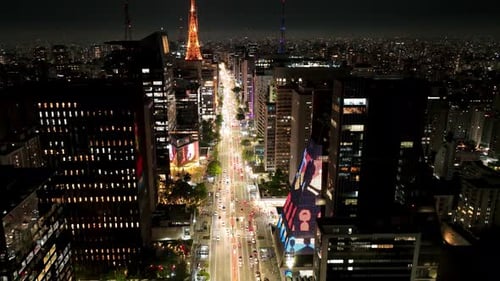 Paisagem urbana noturna da Avenida Paulista, no centro de São Paulo, Brasil.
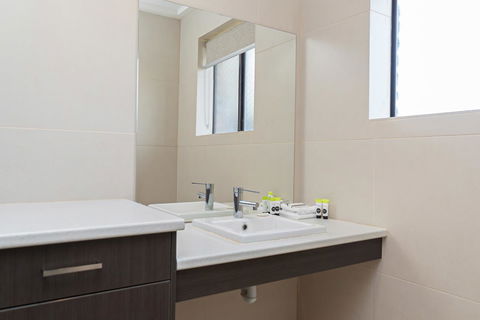 Mick O\'Sheas - Tourism Cairns 2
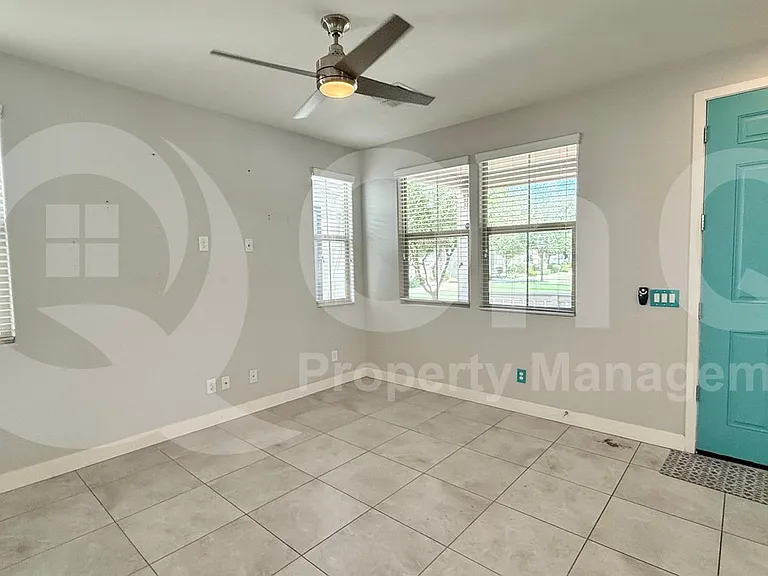 3713 E Robert St — Photo 2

Assigned task: Once the images are removed, print the remaining data exactly as it appears above.

Solved problem:
 Paisagem urbana noturna da Avenida Paulista, no centro de São Paulo, Brasil.
 Mick O\'Sheas - Tourism Cairns 2
 3713 E Robert St — Photo 2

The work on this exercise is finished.